Solution by Properties of Regular Hexagons and Equilateral Triangles, and Areas of a Triangle and a Trapezium

In the above diagram, the line $J H$ is horizontal and passes through $K$, while $I G$ is vertical and likewise through $K$.

The regular hexagon decomposes into six equilateral triangles with the same side length as the hexagon. Therefore, the area of one of these triangles is a sixth of the area of the full hexagon. The height of one of these triangles is the perpendicular distance from the centre to a side, which is half the length of $I G$. So a triangle with base $E D$ and full height the length of $I G$ has area one third of the hexagon. Since $E K D$ has area one quarter of the hexagon, the length of $I K$ must be $\frac{3}{4}$ of the length of $I G$.

The green area can then be decomposed in different ways to calculate its area, but ultimately they end up comparing it to the trapezium $A B C F$ with area half that of the hexagon.

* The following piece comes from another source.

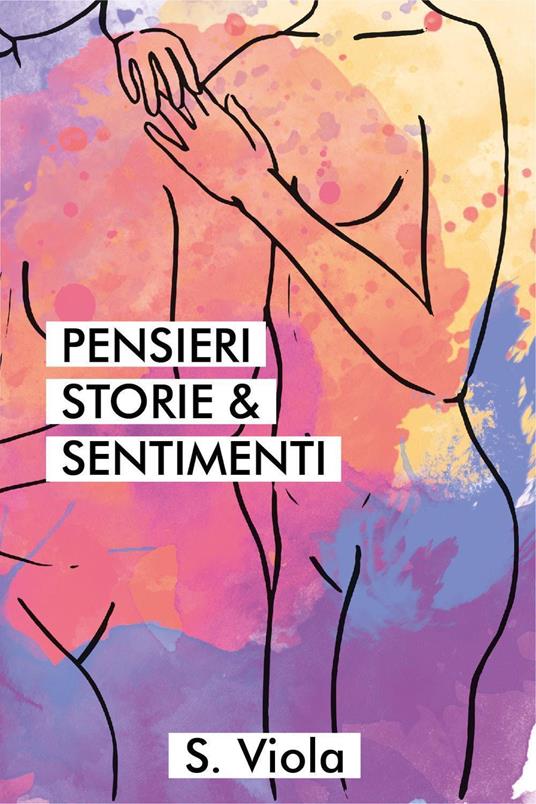 Pensieri storie & sentimenti - S. Viola - copertina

Writing $a$ for the side length of the hexagon and $b$ for the perpendicular distance between $F C$ and $A B$ then the area of the trapezium is $\frac{3}{2} a b$ so $a b$ represents a third of the hexagon.

Slicing the green region along $J H$ splits it into a trapezium and two triangles. The length of $J H$ is $\frac{3}{2} a$ and of $G K$ is $\frac{1}{2} b$ so the area of the trapezium is $\frac{5}{8} a b$. The two triangles have height $\frac{1}{2} b$ and their combined base is $\frac{3}{2} a$ so their combined area is $\frac{3}{8} a b$. The green region thus has total area $a b$ which, as established above, is a third of the hexagon.

An alternative decomposition is to view the green region as being half the hexagon with triangle $K C F$ removed. With $C F$ as its “base”, this triangle has base $2 a$ and height $\frac{1}{2} b$ so its area is $\frac{1}{2} a b$. Its area is therefore one sixth of the hexagon so the green area is one third.

Solution by Invariance Principle

The point $K$ in the diagram can be anywhere in the hexagon provided triangle $E K D$ occupies a quarter of the total area. There is a possible configuration where $K$ lies on the diagonal $A D$, since if $K$ is at $A$ then the blue triangle is a third of the hexagon while if $K$ is at $O$ (the centre) then the blue triangle is a sixth.

With $K$ on the line $A D$ then the triangle $C K B$ has the same area as $C O B$ since both have the same “base” $C B$ and the same “height” above this base. Therefore, triangle $C K B$ is one sixth of the hexagon. Triangle $A B F$ is also one sixth, so the area of the green region is one third of the area of the hexagon.